This Week in Sapulpa History: Freezing temperatures did not stop the fun

Rachel Whitney,
Curator, Sapulpa Historical Museum

This week in 1940, the Sapulpa area had temperatures ranging from -4 to 34 degrees. Just weeks prior, snow accumulated in the area, in a snowstorm. “Oklahoma’s dry soil began to absorb the moisture from a six to 18-inch snow covering today as temperatures mounted above freezing for the first time in more than a week.”

“Waynoka had seven degrees above zero.
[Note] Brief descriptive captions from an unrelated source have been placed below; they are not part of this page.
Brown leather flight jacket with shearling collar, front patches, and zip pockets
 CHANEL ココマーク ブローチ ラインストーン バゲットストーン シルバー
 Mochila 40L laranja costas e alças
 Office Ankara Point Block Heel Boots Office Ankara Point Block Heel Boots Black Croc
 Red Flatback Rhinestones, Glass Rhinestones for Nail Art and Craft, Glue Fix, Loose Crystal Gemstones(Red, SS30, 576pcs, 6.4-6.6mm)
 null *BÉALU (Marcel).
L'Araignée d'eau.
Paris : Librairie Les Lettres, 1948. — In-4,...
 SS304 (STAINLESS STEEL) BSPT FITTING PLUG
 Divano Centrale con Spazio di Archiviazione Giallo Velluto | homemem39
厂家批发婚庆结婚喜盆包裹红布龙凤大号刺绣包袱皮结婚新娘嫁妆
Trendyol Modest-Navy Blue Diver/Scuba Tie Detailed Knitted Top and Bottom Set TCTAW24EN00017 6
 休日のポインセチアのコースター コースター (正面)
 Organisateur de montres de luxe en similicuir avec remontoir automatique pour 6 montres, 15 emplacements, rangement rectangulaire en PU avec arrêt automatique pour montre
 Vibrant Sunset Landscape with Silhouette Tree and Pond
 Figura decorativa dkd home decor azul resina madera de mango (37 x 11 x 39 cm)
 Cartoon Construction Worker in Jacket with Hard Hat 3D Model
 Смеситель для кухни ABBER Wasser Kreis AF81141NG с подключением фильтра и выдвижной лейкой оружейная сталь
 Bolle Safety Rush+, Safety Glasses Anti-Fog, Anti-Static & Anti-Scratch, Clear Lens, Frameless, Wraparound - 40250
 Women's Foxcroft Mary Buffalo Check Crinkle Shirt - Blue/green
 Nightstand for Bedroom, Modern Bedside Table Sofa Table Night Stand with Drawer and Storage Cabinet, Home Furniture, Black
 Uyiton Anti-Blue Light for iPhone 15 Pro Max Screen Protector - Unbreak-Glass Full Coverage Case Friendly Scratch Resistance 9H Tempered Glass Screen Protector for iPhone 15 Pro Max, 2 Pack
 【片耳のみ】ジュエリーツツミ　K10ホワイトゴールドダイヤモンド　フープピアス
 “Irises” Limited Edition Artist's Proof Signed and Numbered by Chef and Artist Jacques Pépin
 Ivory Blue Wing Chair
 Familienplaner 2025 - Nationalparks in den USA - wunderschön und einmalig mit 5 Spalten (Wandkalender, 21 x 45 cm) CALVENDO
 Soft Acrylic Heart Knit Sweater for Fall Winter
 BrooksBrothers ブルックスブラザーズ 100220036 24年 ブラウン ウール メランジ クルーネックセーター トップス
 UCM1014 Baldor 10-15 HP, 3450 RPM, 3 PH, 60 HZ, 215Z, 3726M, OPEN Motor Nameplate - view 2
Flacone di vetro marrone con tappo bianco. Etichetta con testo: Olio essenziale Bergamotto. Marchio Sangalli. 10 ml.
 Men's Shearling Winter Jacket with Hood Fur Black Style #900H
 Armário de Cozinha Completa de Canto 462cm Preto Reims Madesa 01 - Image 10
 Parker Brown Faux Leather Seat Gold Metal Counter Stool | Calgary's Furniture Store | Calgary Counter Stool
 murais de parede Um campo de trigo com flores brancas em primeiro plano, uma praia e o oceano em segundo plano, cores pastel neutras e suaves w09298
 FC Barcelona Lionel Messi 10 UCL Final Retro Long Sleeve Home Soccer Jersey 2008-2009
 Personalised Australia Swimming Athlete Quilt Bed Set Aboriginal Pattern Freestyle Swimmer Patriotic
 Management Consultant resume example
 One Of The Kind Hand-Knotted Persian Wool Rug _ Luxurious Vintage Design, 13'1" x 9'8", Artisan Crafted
Tulsa had eight above, McAlester 13, Ardmore 10, and Oklahoma City 18…The record cold wave that sent the Oklahoma mercury as low as minus 11 degrees centered over Indiana, Michigan, and Ohio today.” The newspaper ran an eerie image of Chicago covered in ice. “Sub-zero temperatures no aid to firefighters,” as the crew ran to the scene of a potential fire, but could not get past the solid ice of vehicles in front of the building.

Ice Storm in Chicago, Sapulpa Herald, January 24, 1940

The cold front kept coming. “Oklahoma’s second storm within a week brought snow, high winds and near-zero temperatures.” In Sapulpa, it was announced that these were the coldest days in a near decade, since 1933.

Another Week of the Cold Stuff, Sapulpa Herald, January 18, 1940

“An interesting table of temperatures since 1928 compiled at the Herald office shows zero weather in January of 1928 and February of 1929. In 1930, the mercury dropped to 13 below for an amazing cold siege. Snow and sleet remained on the ground for three weeks. Low marks are recorded for the following years back:

Near Zero Temperature, Sapulpa Herald, January 23, 1940

“December 14, 1931: 22 above; December 12, 1932: 10 above; February 8, 1933: 4 below; January 30, 1934: 12 above; January 21, 1935: zero; January 8, 1936: 1 above; January 23, 1937: 8 above; January 21, 1938: 8 above; February 8, 1939: 8 above; January 18, 1940: 4 below.”

The City Water Department had some issues to handle. “The City Water Department had received 13 trouble calls during the cold spell for frozen lines and burst pipes. Children at the Liberty School who had brought their lunches today, ate them without an accompanying drink of water. The water lines were frozen and there was none at the school throughout the day. School dismissed at 2:15, earlier than usual.”

Families, children, and groups used the cold temperatures to their advantage, though. With temperatures at 10 degrees, “ice skaters here were taking advantage of the ice at Pretty Water. Many skating parties were held there over the week due to below freezing temperatures.” It was said that it had been several years since it was cold enough to freeze Pretty Water for such large groups to skate on.

Cold Temps, Sapulpa Herald, January 24, 1940

Listed in the “Society” column, a column that often shares dinner parties, club get-togethers, and family reunions, shared a regular meeting, too, had a little fun. “The Petite Debutantes met in the home of Miss Elaine Young for a business and social meeting.

“Refreshments were served by the hostess and were served by the hostess assisted by her mother and her sister, Miss Dorothy Young, after the business session and later the entire group went ice skating at Pretty Water Lake.

“The following members were present: Miss Betty Jo Hermes, Miss An Ellinghausen, Miss Jennie May, Miss Claudeen Humes, Miss Mary Routsong, Miss Frances Lea Mayes, Miss Joan Waite, Miss Patsy Potter, Miss Barbara Berry, and Miss Patricia Wilson.”

And even with such low temperatures, Sapulpans used this time to have a little fun.